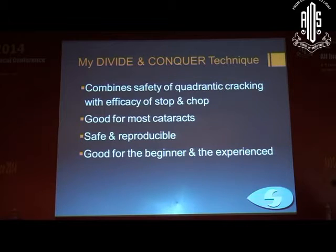My technique combines the safety of modern quadratic cracking with the efficiency of stop and chop. It is good for most cataracts — in fact very good even for hard and brown cataracts — and it is safe, reproducible, and suitable for both beginners and experienced surgeons. Beginners should not feel less competent after seeing grand surgical videos; they will deliver extremely good results with this technique. Thank you.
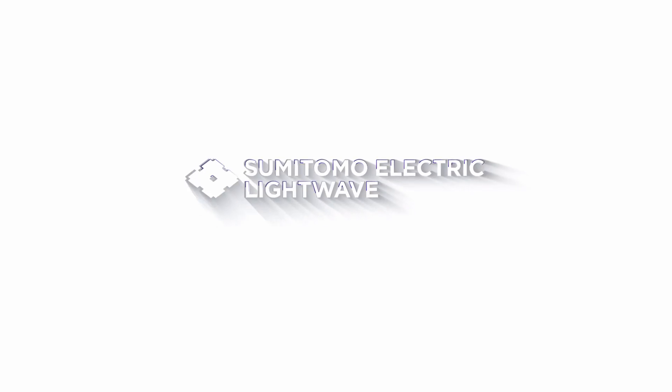If you have any additional questions, go to Sumitomo Electric Lightwave dot com.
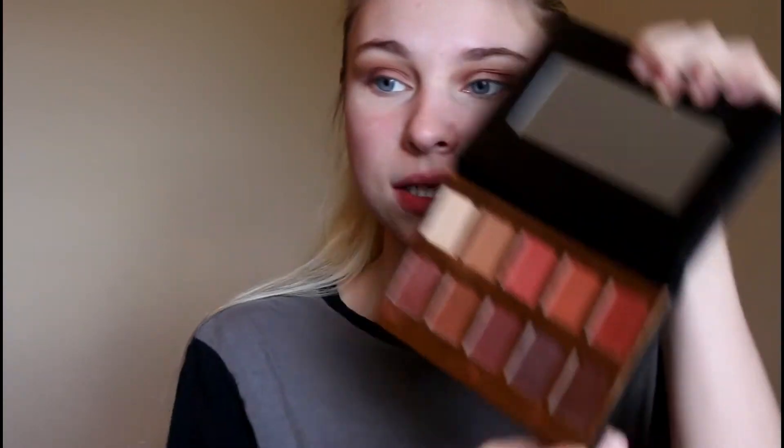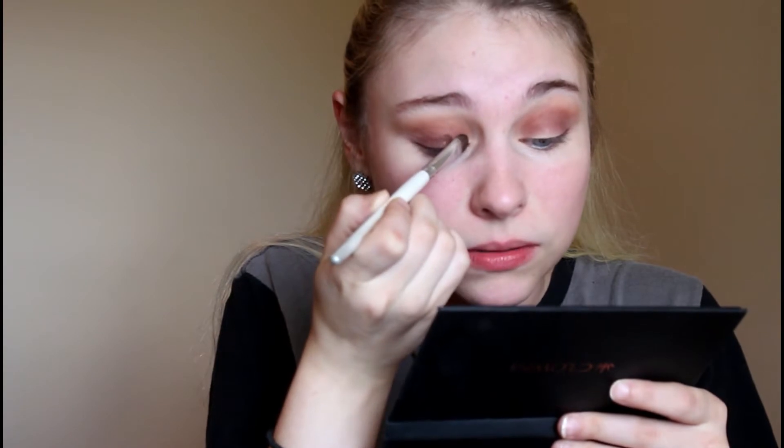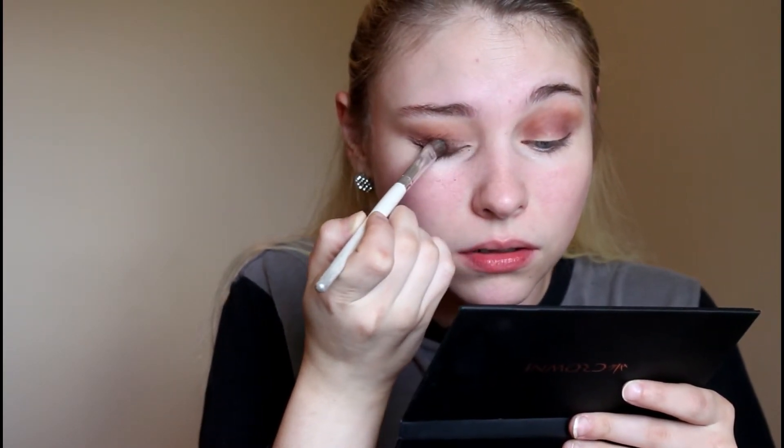We're going into this deep shimmer shade right here — this is just going to go all over my lid. I'm going to take the small brush again and just really go into the crease and blend it together a little bit.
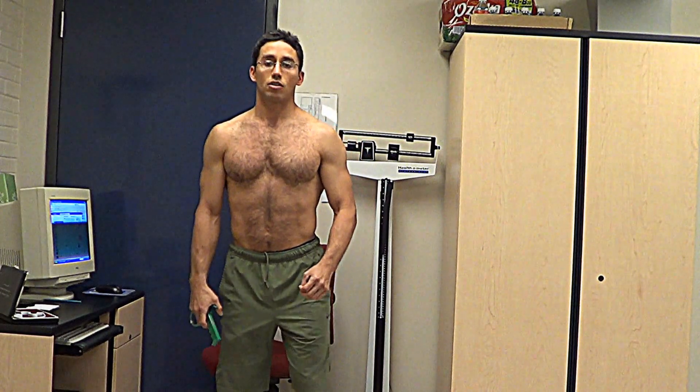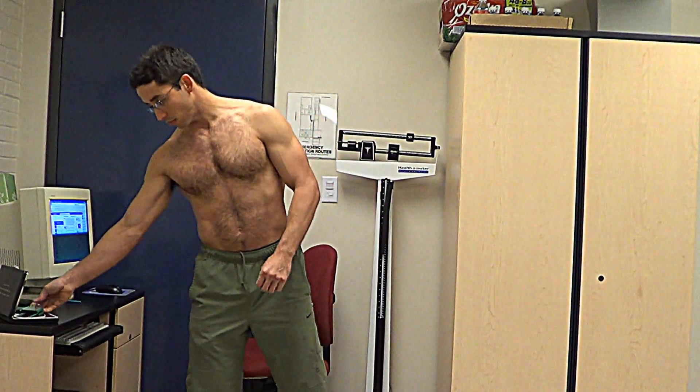I haven't even really been practicing posing either. Posing actually hardens you up even more, so definitely looking forward to working on the posing.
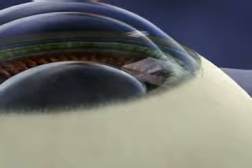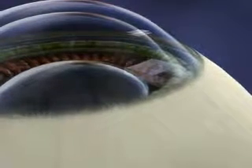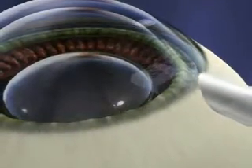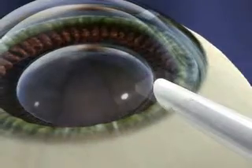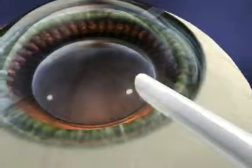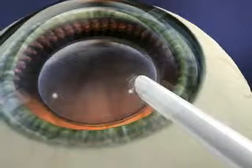The next step is the injection of the lens. Prior to surgery, your ICL was selected based on your individual prescription. The lens was folded and loaded into a small cartridge, which will now be placed through the last incision. As the lens is injected, it will gently unfold in your eye.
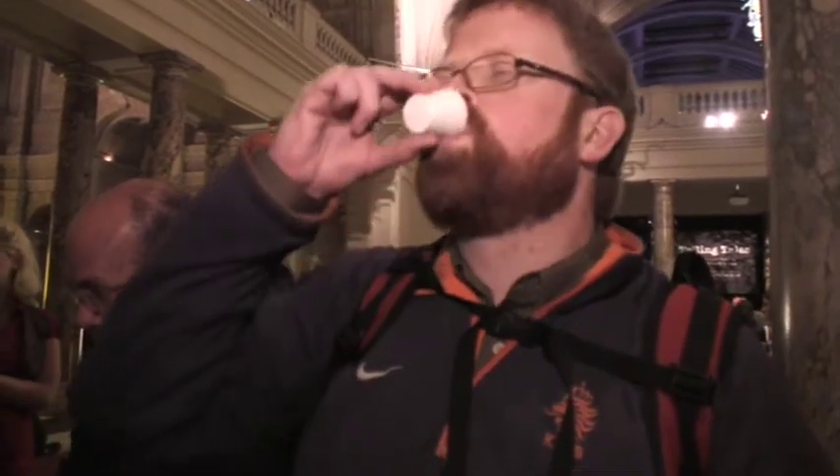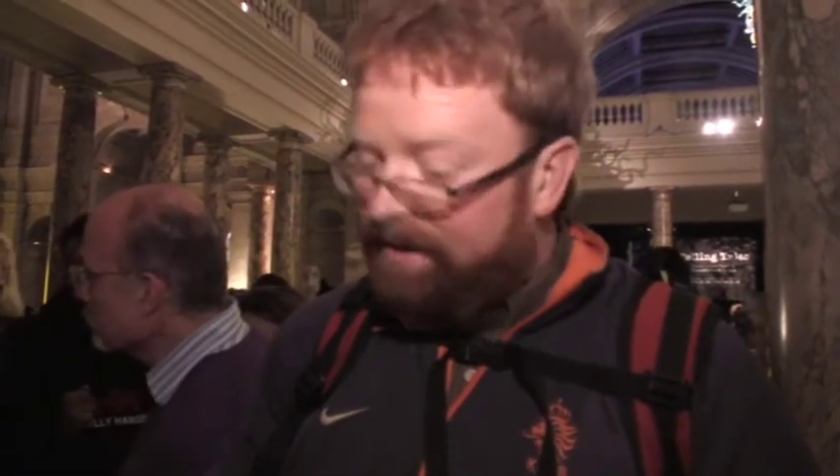Yeah, I think it even smells better out of this, maybe. Yeah, I think I'm always going to go for the glazed cup, I think.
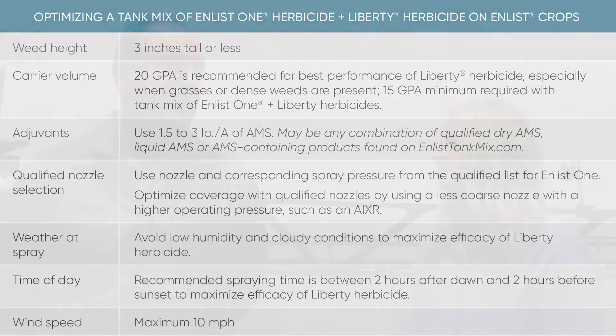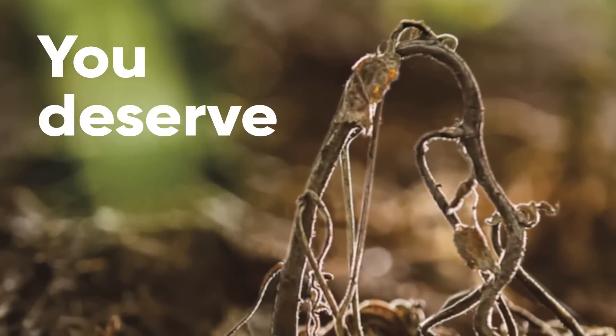Getting good coverage is really key. Having the right nozzle, the right gallons of water, and the right nozzle tip will give you the best weed control. Coverage equals weed control, so it's very important to have the right nozzles.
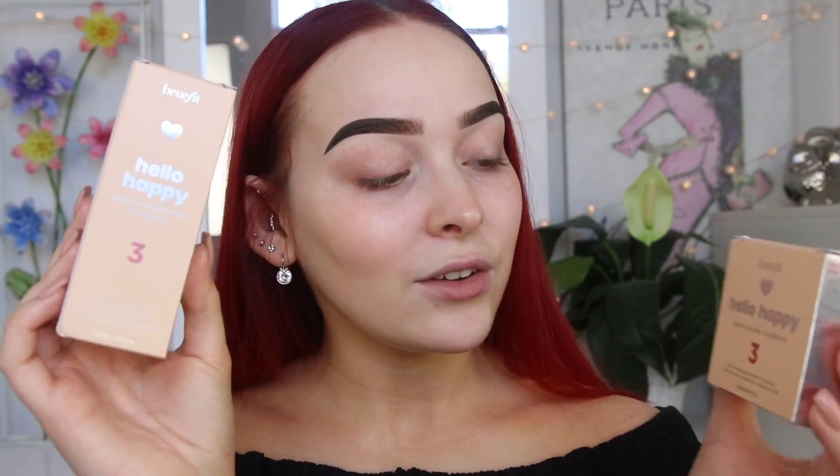While I let that soak into my skin, let's talk foundations. I have here Benefit's new Hello Happy Foundations — the Flawless Brightening Foundation and the Velvet Powder Foundation. They both claim to have 12-hour long wear. The liquid claims medium coverage with SPF 15, and the powder has a brush and sponge inside — brush for light coverage, sponge for medium. It also says it's breathable with a velvety smooth finish.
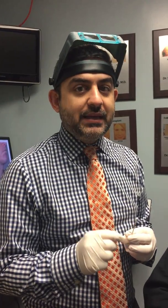Hi, good morning. This is Dr. Ben Benham, and today we are going to demonstrate the TCA cross technique for acne scars.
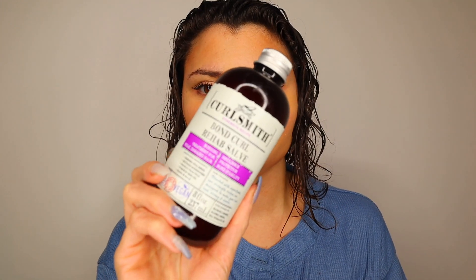So let's get into it. This is the Curlsmith Strength Recipe Bond Curl, and it's going to be compared today to Olaplex Number Three. Y'all know I love Olaplex — I already have videos on using it — but let's put them to the test because Olaplex might have some competition now.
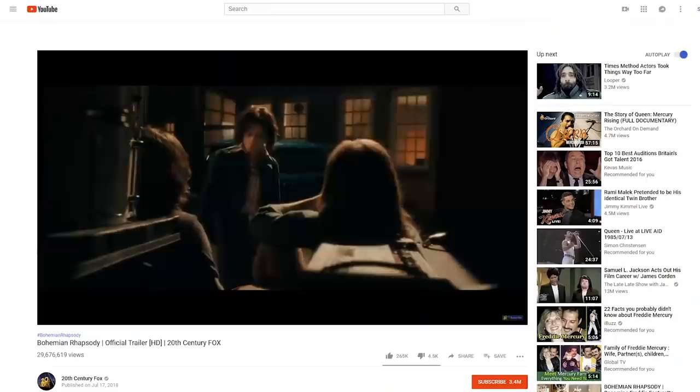Now let's continue with the last film, which is Bohemian Rhapsody — the story behind Freddie Mercury and his band Queen. Amazing film, definitely worth watching, and it is nominated for Best Picture.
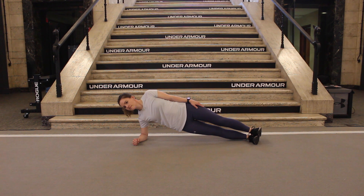Lay on your side with your elbow directly under your shoulder. Legs should be straight with your heels stacked and in line with your hips and shoulders.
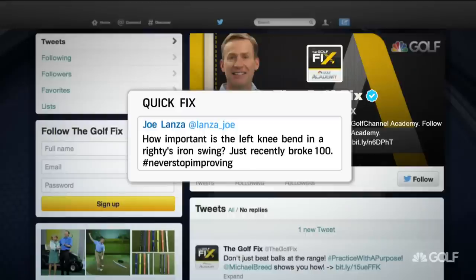This one's coming to us from Joe. How important is the left knee bend in a righty's iron swing? Joe just recently broke 100. Well done — never stop improving.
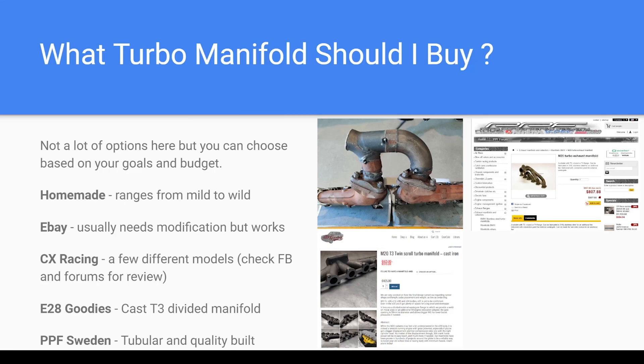What turbo manifold should I buy? This is another hugely debated conundrum that people run into, and honestly this ranges from your abilities, time, and money — there's a lot of things that go into this. But essentially a turbo manifold is just plumbing to move the exhaust from the motor to the turbo.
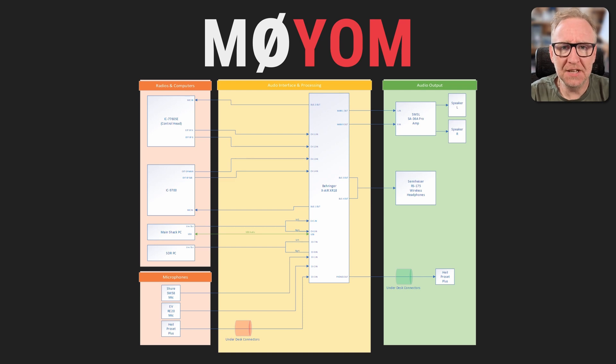I also have the line out from both computers going to the mixer and a USB connection from the shack PC to the mixer. This is a neat feature of the XR18 called USB audio returns, which lets me send audio to and from various channels of the mixer over a single USB connection — an absolutely fantastic way of recording audio. On the bottom left, we've got all the microphones: the SM58, the RE20, and the Heil headset, which connects through a regular 3.5mm jack mounted just under my desk for easy connection and removal. On the right-hand side, we've got the speaker outputs: my bookshelf speakers running through a small SMSL amplifier, my Sennheiser RS175 wireless headphones, and a desk-mounted 3.5mm jack for the Heil headset.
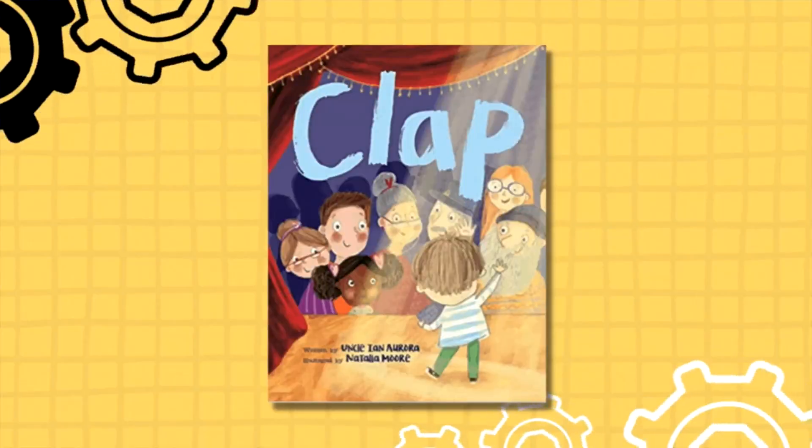So check out this book from your local library, and I know you're going to have a good time with it just like I have.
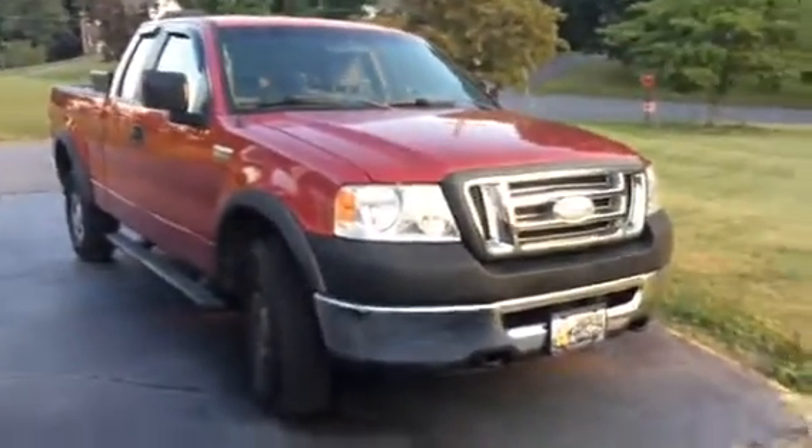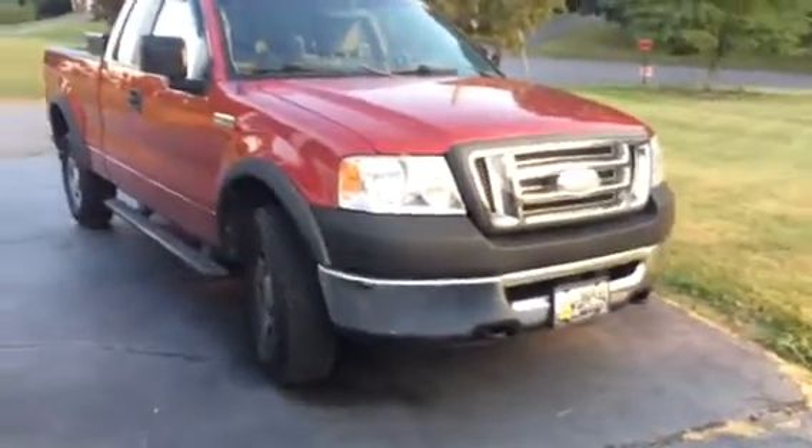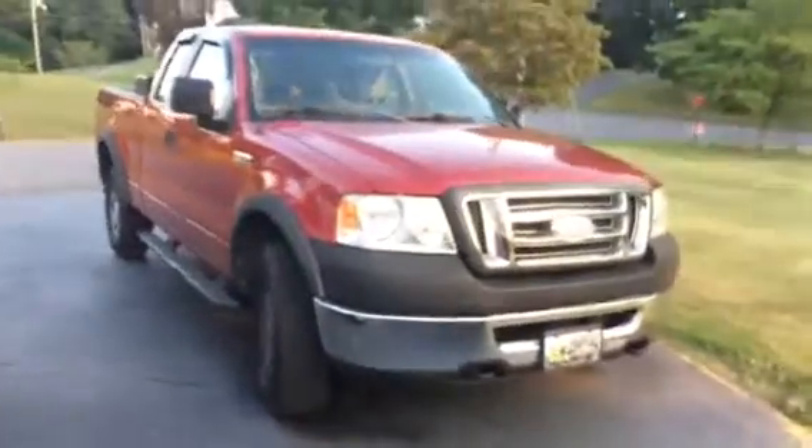Hey everyone, it's Wednesday, July 26th. We're going to be doing a startup on the 2007 Ford F-150 XL Triton.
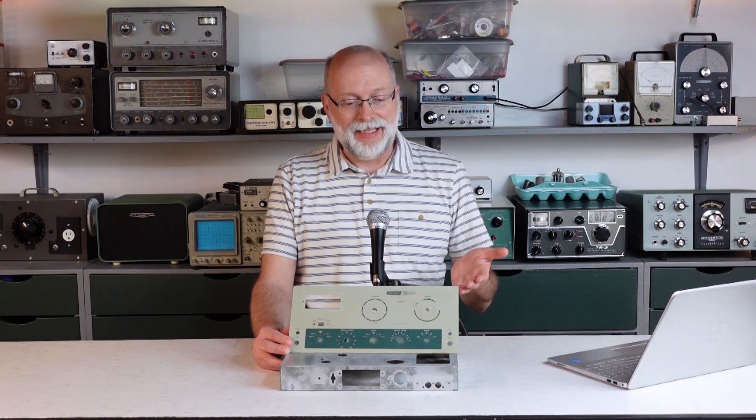Hi, I'm Darren and welcome to Level Up Double E Lab. I finished the teardown on my Heathkit DX60. How did it go? Let's have a look.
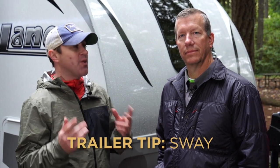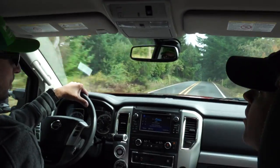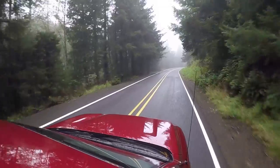Welcome to Trailer Tips where we answer your most common questions. In this video we're going to address every owner's nightmare, which is trailer sway. Let's talk about how to minimize that. It's a very important subject because it has to do with safety on the road, and it's really quite simple to control.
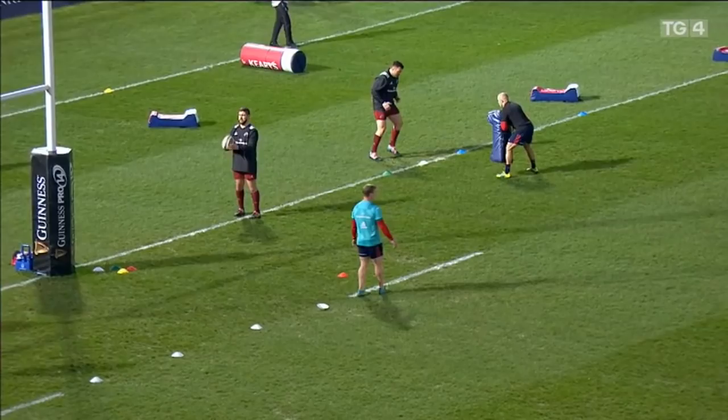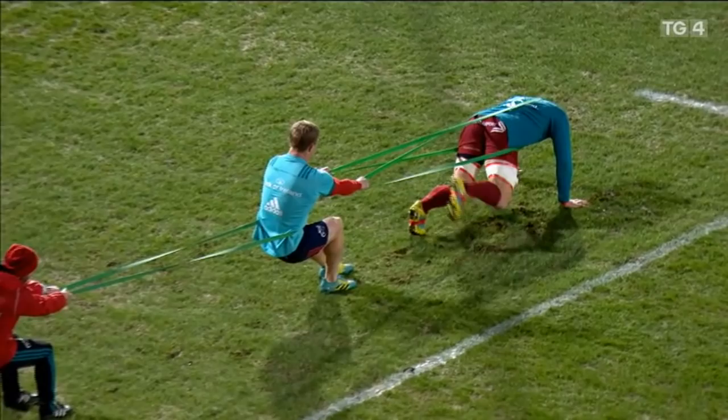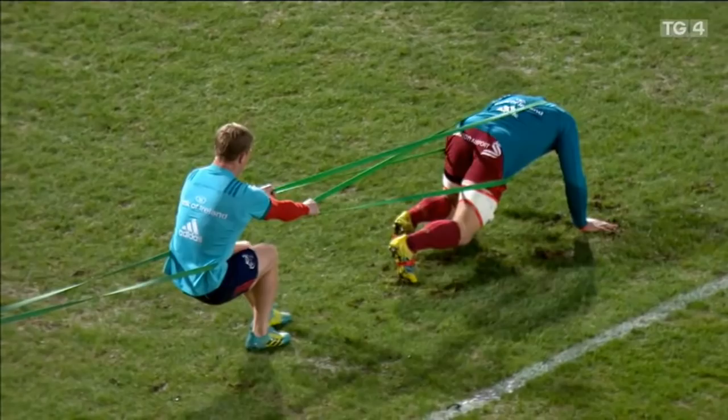Hips nice and low, Siege. Control it on the way back.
────────────────
PROBLEM REQUIREMENTS
The records above need to be restated word for word, with the pictures left out.

SOLUTION TO THE PROBLEM
My technique combines the safety of modern quadratic cracking with the efficiency of stop and chop. It is good for most cataracts — in fact very good even for hard and brown cataracts — and it is safe, reproducible, and suitable for both beginners and experienced surgeons. Beginners should not feel less competent after seeing grand surgical videos; they will deliver extremely good results with this technique. Thank you.
If you have any additional questions, go to Sumitomo Electric Lightwave dot com.
We're going into this deep shimmer shade right here — this is just going to go all over my lid. I'm going to take the small brush again and just really go into the crease and blend it together a little bit.
I haven't even really been practicing posing either. Posing actually hardens you up even more, so definitely looking forward to working on the posing.
The next step is the injection of the lens. Prior to surgery, your ICL was selected based on your individual prescription. The lens was folded and loaded into a small cartridge, which will now be placed through the last incision. As the lens is injected, it will gently unfold in your eye.
Yeah, I think it even smells better out of this, maybe. Yeah, I think I'm always going to go for the glazed cup, I think.
Getting good coverage is really key. Having the right nozzle, the right gallons of water, and the right nozzle tip will give you the best weed control. Coverage equals weed control, so it's very important to have the right nozzles.
While I let that soak into my skin, let's talk foundations. I have here Benefit's new Hello Happy Foundations — the Flawless Brightening Foundation and the Velvet Powder Foundation. They both claim to have 12-hour long wear. The liquid claims medium coverage with SPF 15, and the powder has a brush and sponge inside — brush for light coverage, sponge for medium. It also says it's breathable with a velvety smooth finish.
Hi, good morning. This is Dr. Ben Benham, and today we are going to demonstrate the TCA cross technique for acne scars.
So let's get into it. This is the Curlsmith Strength Recipe Bond Curl, and it's going to be compared today to Olaplex Number Three. Y'all know I love Olaplex — I already have videos on using it — but let's put them to the test because Olaplex might have some competition now.
Now let's continue with the last film, which is Bohemian Rhapsody — the story behind Freddie Mercury and his band Queen. Amazing film, definitely worth watching, and it is nominated for Best Picture.
Lay on your side with your elbow directly under your shoulder. Legs should be straight with your heels stacked and in line with your hips and shoulders.
This one's coming to us from Joe. How important is the left knee bend in a righty's iron swing? Joe just recently broke 100. Well done — never stop improving.
What turbo manifold should I buy? This is another hugely debated conundrum that people run into, and honestly this ranges from your abilities, time, and money — there's a lot of things that go into this. But essentially a turbo manifold is just plumbing to move the exhaust from the motor to the turbo.
I also have the line out from both computers going to the mixer and a USB connection from the shack PC to the mixer. This is a neat feature of the XR18 called USB audio returns, which lets me send audio to and from various channels of the mixer over a single USB connection — an absolutely fantastic way of recording audio. On the bottom left, we've got all the microphones: the SM58, the RE20, and the Heil headset, which connects through a regular 3.5mm jack mounted just under my desk for easy connection and removal. On the right-hand side, we've got the speaker outputs: my bookshelf speakers running through a small SMSL amplifier, my Sennheiser RS175 wireless headphones, and a desk-mounted 3.5mm jack for the Heil headset.
So check out this book from your local library, and I know you're going to have a good time with it just like I have.
Hey everyone, it's Wednesday, July 26th. We're going to be doing a startup on the 2007 Ford F-150 XL Triton.
Hi, I'm Darren and welcome to Level Up Double E Lab. I finished the teardown on my Heathkit DX60. How did it go? Let's have a look.
Welcome to Trailer Tips where we answer your most common questions. In this video we're going to address every owner's nightmare, which is trailer sway. Let's talk about how to minimize that. It's a very important subject because it has to do with safety on the road, and it's really quite simple to control.
Hips nice and low, Siege. Control it on the way back.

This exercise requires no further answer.